Les femmes surtout en imposent, à cause des parures dans leurs cheveux, de leurs bijoux monumentaux, mais surtout des ornements labiaux et auriculaires en forme de disques plats, qui les transforment en des personnages presque surnaturels. De leur côté, les hommes ont le corps peint de motifs géométriques et abstraits qui nous rappellent clairement les origines de l’art moderne.
La visite du village mursi se déroule de manière un peu inattendue. En raison de ses atours, ce peuple est certainement l’un des plus photogéniques et photographiés du monde. Ainsi, c’est davantage à une séance de photos que nous sommes conviés, qui est inévitablement doublée de négociations intenses avec les villageois afin de pouvoir croquer LA photo unique.

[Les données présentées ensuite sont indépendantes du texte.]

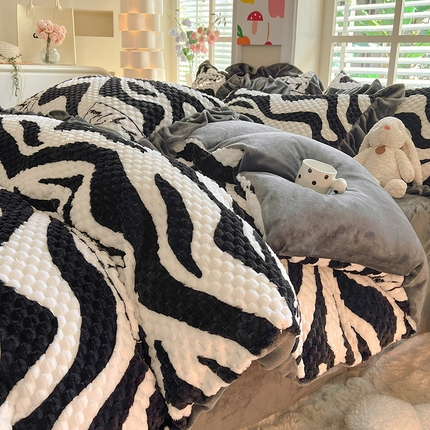 91家纺网 家纺一手货源 找家纺 2023新款8.5斤特厚300克豆豆绒牛奶绒提花乌龟绒雕花绒印花四件套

Armé d’une liasse de birrs, la devise éthiopienne, je me livre aussi à ce troc qui semble bien faire l’affaire de tous les intéressés. Après quelques clichés uniques pour un photographe amateur, je décide de sortir de ce jeu de séduction; je me place en retrait, ce qui me permet de voir quelques enfants laissés à l’écart, qui ne sont pas l’objet de notre œil photographique. Je vois qu’un d’entre eux, sans motifs peints sur le corps ou le visage, semble s’intéresser à moi, mais surtout à ma petite bouteille d’eau. C’est alors que j’ai la sensation que tout le brouhaha autour de moi se fige et qu’il n’y a que moi et ce petit garçon à la moue indescriptible.
Un duel s’engage entre nous deux. Il veut la bouteille et moi, je me dis que cela vaut bien une photo! Or, mon petit adversaire ne l’entend pas ainsi. Comme à mon habitude lorsque je photographie des enfants, je me mets à genoux : nous sommes ainsi d’égal à égal. La patience est certainement la vertu que l’on apprend le plus à développer en Afrique et j’ai tout un professeur devant moi!
Aucun mot ne sort de ma bouche ni de la sienne, le langage n’étant pas le meilleur moyen de communication dans cette situation; il n’y a que des gestes, parfois brusques, de la part de mon nouvel ami et tranquillement, nous nous comprenons. Un peu téméraire dans ma négociation, je lui tends d’abord ma bouteille d’eau, qu’il s’empresse d’agripper comme un trésor inestimable. Puis, je lui fais signe que je veux prendre une photo, mais il s’apprête déjà à s’enfuir avec son butin. Je pense à déclarer forfait, lorsque, venu de nulle part, un allié inespéré me prête main-forte. Un petit ami, le visage peint de blanc celui-là, court à notre rencontre et prend spontanément son comparse récalcitrant par l’épaule en se plaçant devant moi. Le temps d’un seul cliché, et ils sont déjà repartis jouer tous les deux avec la trouvaille de la journée.
Mon ami de quelques instants n’a pas esquissé le moindre sourire, gardant sa moue de petit clown triste, comme s’il voulait me dire que ça n’avait pas été un jeu, mais bien un duel entre lui et moi, et qu’il en était sorti vainqueur!
Étrange de voir combien des moments qui, en d’autres contextes, auraient été banals, ont pu devenir de petits joyaux dans mes souvenirs. Ma visite chez les Mursis, peuple tribal pour le moins hors de l’ordinaire, illustre bien ce changement de perspective lorsque l’on se trouve à des milliers de kilomètres de chez soi.